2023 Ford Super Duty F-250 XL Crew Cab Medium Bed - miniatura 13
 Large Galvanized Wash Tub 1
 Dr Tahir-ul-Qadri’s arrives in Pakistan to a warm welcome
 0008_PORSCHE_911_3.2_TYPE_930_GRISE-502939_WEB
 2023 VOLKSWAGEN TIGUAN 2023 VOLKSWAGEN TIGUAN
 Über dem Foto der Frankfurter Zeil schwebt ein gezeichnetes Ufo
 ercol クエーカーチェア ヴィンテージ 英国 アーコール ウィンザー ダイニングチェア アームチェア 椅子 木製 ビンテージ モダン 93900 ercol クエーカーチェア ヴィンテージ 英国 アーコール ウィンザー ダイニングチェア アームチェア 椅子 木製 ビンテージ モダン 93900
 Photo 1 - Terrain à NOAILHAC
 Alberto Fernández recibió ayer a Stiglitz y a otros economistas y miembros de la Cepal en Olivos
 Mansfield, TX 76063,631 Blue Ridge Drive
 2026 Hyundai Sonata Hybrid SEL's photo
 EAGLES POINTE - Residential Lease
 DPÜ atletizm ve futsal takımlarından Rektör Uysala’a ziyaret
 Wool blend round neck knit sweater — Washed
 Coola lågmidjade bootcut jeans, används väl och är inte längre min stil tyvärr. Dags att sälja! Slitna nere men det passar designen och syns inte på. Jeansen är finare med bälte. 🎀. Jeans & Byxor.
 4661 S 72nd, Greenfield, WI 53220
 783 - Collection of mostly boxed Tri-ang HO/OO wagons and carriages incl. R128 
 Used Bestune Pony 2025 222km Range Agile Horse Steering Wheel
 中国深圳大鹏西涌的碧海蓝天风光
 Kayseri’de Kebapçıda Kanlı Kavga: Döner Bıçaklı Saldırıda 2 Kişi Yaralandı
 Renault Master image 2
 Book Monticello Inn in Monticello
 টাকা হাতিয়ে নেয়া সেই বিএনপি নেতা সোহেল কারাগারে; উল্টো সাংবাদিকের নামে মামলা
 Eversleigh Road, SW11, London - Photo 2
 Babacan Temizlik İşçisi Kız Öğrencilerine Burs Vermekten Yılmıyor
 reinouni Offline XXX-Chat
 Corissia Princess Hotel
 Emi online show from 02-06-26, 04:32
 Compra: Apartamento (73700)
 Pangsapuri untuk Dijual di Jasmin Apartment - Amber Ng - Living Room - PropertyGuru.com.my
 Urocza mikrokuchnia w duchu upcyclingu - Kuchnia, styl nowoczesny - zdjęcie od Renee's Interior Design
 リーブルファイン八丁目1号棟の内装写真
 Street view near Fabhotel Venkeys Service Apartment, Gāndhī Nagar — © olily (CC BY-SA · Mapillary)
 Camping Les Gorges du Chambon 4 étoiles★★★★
______________________________
- [ASSIGNMENT]:
What lines of the data contain the string "Apartment"? List them.

- [SOLUTION TO THE PROBLEM]:
 Pangsapuri untuk Dijual di Jasmin Apartment - Amber Ng - Living Room - PropertyGuru.com.my
 Street view near Fabhotel Venkeys Service Apartment, Gāndhī Nagar — © olily (CC BY-SA · Mapillary)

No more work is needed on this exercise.